Vandermaas-Peeler explains that there is extensive evidence of how a student’s participation in mentored undergraduate research can be beneficial, as well as how global engagement supports their growth and understanding. However, there is a gap in understanding the combined effect when that research takes place in global contexts.
“There is very little research that has studied the intersection of these high-impact practices,” Vandermaas-Peeler said.
The focus combines two areas of expertise and research for Vandermaas-Peeler, who as a member of the Department of Psychology at Elon has been a very active mentor to young researchers. Vandermaas-Peller serves as the director of the Center for Research on Global Engagement, which fosters high-quality research on global engagement and helps build national and international collaborations. She served as one of the leaders of a team that conducted an extensive study of the current landscape of mentoring in higher education and at Elon after the university was selected by the American Council on Education to participate in the inaugural cohort of the council’s Learner Success Lab.
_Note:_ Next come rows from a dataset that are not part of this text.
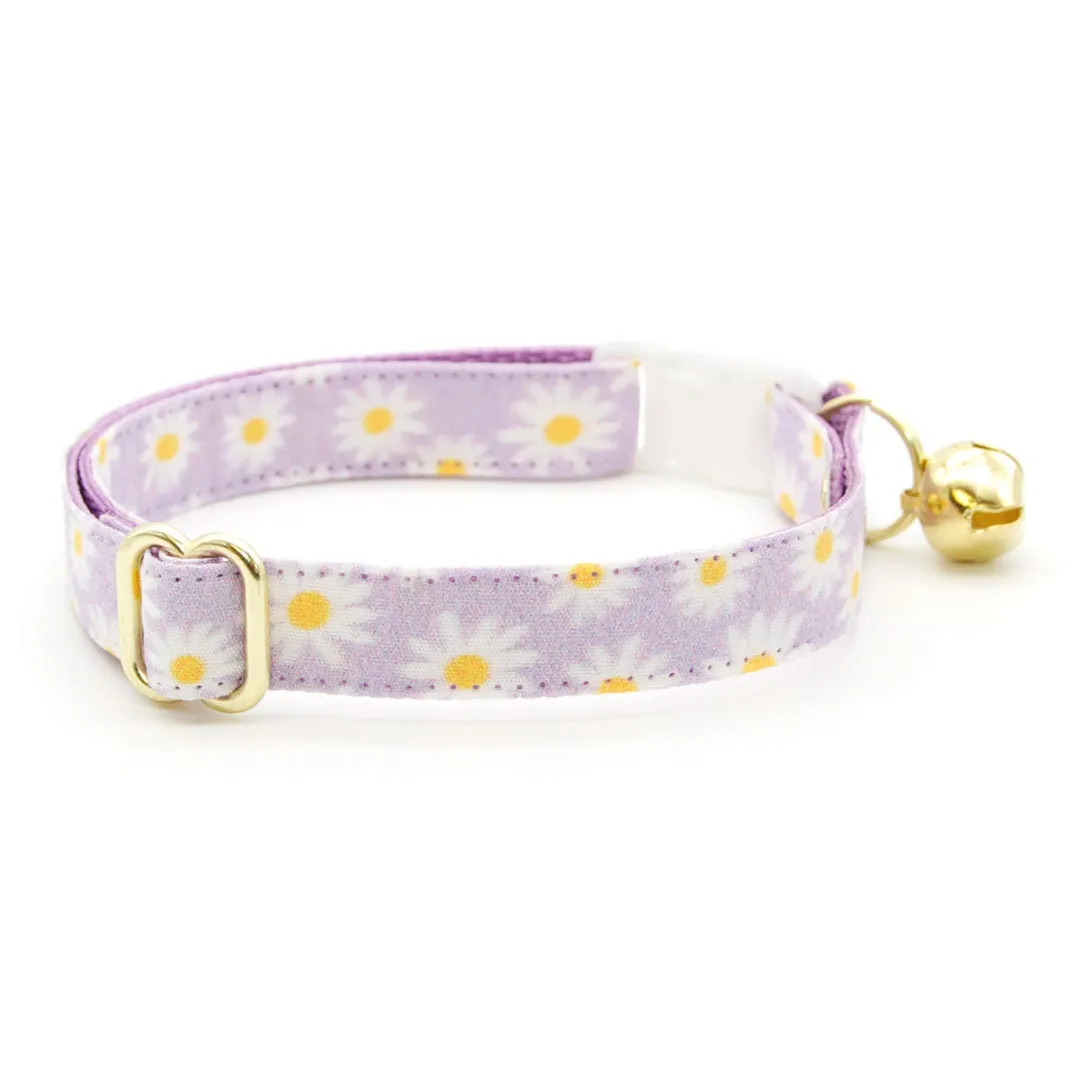 Cat Collar - "Daisies - Purple" - Floral Cat Collar / Spring, Easter, Summer, Daisy / Breakaway Buckle or Non-Breakaway / Cat, Kitten   Small Dog Sizes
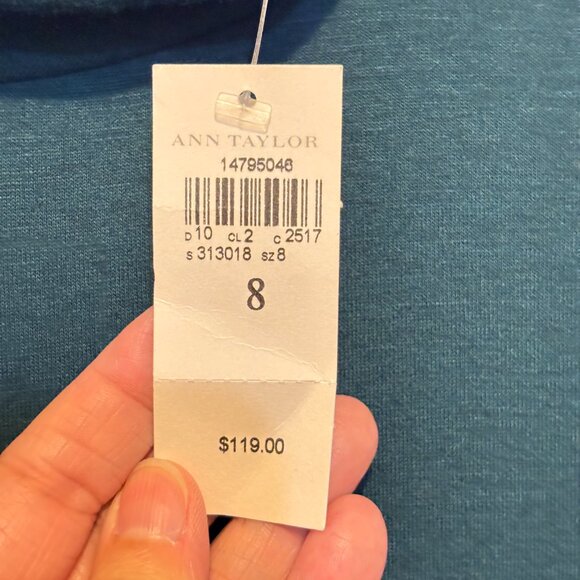 Ann Taylor Teal Wool Blend Long Sleeve Mock Neck Ruffle Hem Dress - Picture 3 of 12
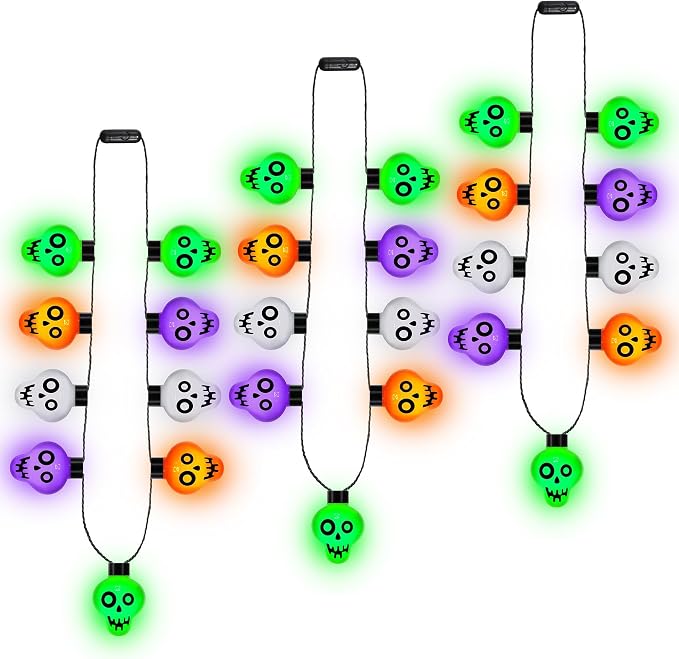 3PCS Halloween Accessories, Light up Halloween Necklaces for Trick or Treat - sugar skull costume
That team published its report in February 2022, with that work supporting Elon’s strategic focus on mentoring in meaningful relationships.
Vandermaas-Peeler believes there are opportunities to intentionally integrate global learning, mentorship and undergraduate research in a way that is mutually beneficial to the students, the mentors and those within the global community.
That can include the development of new skills, engagement with intercultural and civic learning along with an overall increase in intercultural knowledge.
“All of this work is trying to enhance the experiences our students are having and enhance opportunities for all of our students,” Vandermaas-Peeler said. “We want to provide faculty members with a better understanding of how to mentor our students to foster intercultural learning through these experiences.”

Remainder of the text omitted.